Mechanistic studies indicated that the sulfone species K was formed through a radical pathway (Scheme 2).  It had been previously reported5 that DMSO in acetic acid in the presence of TsOH generates species G which cleaves to form the methylsulfonyl and the thiomethyl radicals H and I.  Radical H then adds to the ketoallylmethylsufide to produce J.  Loss of a thiomethyl radical produces the sulfone K, and the thiomethyl radical gets oxidized to the sulfone radical to reenter the reaction pathway.

Scheme 2:  Proposed mechanistic pathway for the formation of the ketoallylmethylsufone.

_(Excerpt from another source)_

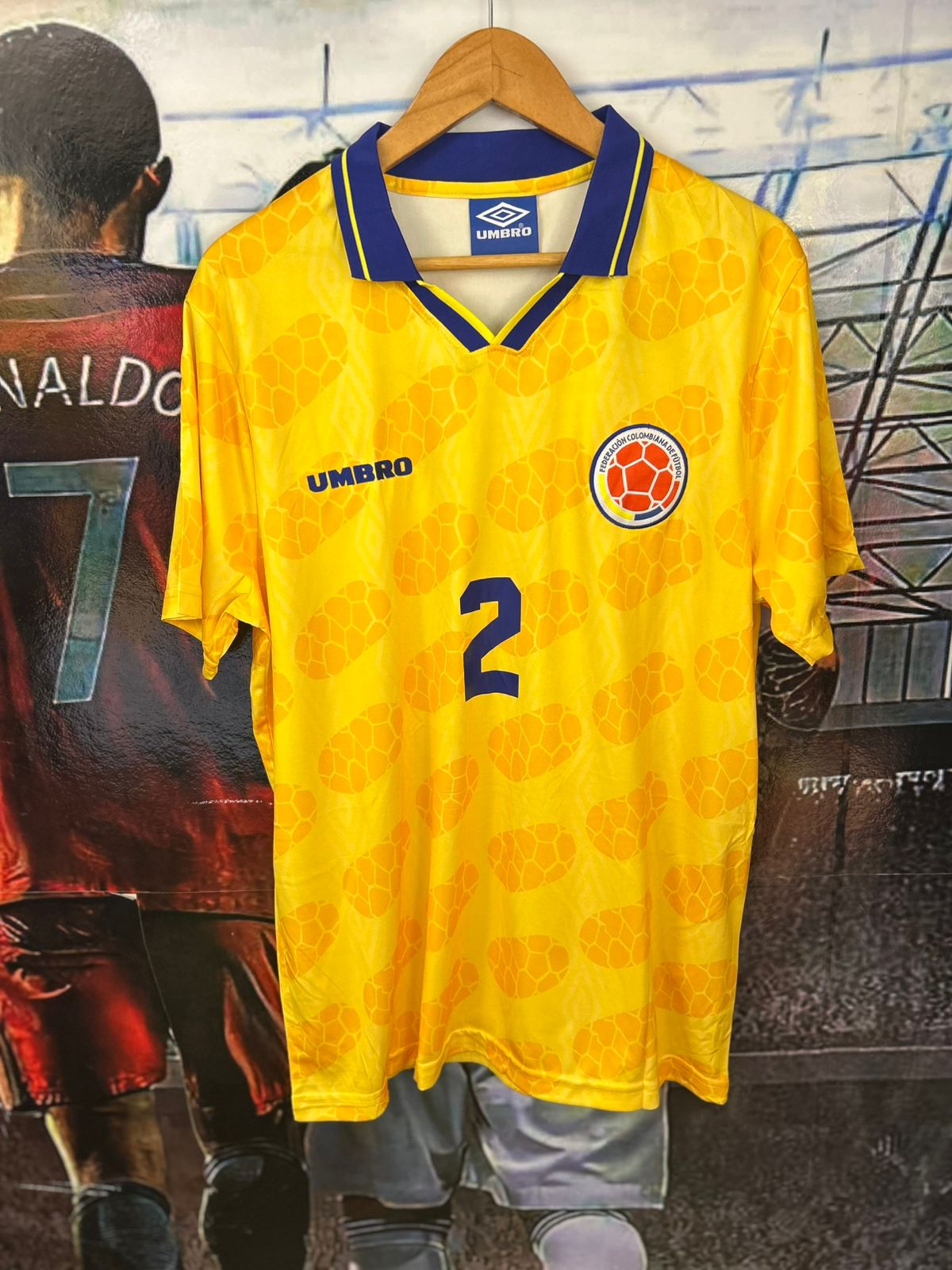 Colombia retro 94/95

The reactions developed by Wen’s group offer an alternative, economically-attractive route to valuable sulfur-containing organic compounds, and is another tool for the synthetic chemist’s toolbox.

 

Debra D. Dolliver, Ph. D.

 

References

  1. (a) Gómez, J. E.; Guo, W.; Kleij, A. W., Palladium-Catalyzed Stereoselective Formation of Substituted Allylic Thioethers and Sulfones. Organic Letters 2016, 18 (23), 6042-6045; (b) Gao, W.; Lv, H.; Zhang, X., Rh/DuanPhos-Catalyzed Asymmetric Hydrogenation of β-Acetylamino Vinylsulfides: An Approach to Chiral β-Acetylamino Sulfides. Organic Letters 2017, 19 (11), 2877-2880.
  2. Wen, Z.-K.; Liu, X.-H.; Liu, Y.-F.; Chao, J.-B., Acid Promoted Direct Cross-Coupling of Methyl Ketones with Dimethyl Sulfoxide: Access to Ketoallyl Methylsulfides and -sulfones. Organic Letters 2017, 19 (21), 5798-5801.
  3. Smith, L. H. S.; Coote, S. C.; Sneddon, H. F.; Procter, D. J., Beyond the Pummerer Reaction: Recent Developments in Thionium Ion Chemistry. Angewandte Chemie International Edition 2010, 49 (34), 5832-5844.
  4. (a) Sharma, P.; Rohilla, S.; Jain, N., Copper Acetate-DMSO Promoted Methylthiolation of Arenes and Heteroarenes. J. Org. Chem. 2015, 80 (8), 4116-4122; (b) Pramanik, M. M. D.; Rastogi, N., Visible light catalyzed methylsulfoxidation of (het)aryl diazonium salts using DMSO. Chemical Communications 2016, 52 (55), 8557-8560.
  5. Freeman, F.; Angeletakis, C. N., Formation of .alpha.-disulfoxides, sulfinic anhydrides, and sulfines during the m-chloroperoxybenzoic acid oxidation of symmetrical S-alkyl alkanethiosulfinates. Journal of the American Chemical Society 1983, 105 (12), 4039-4049.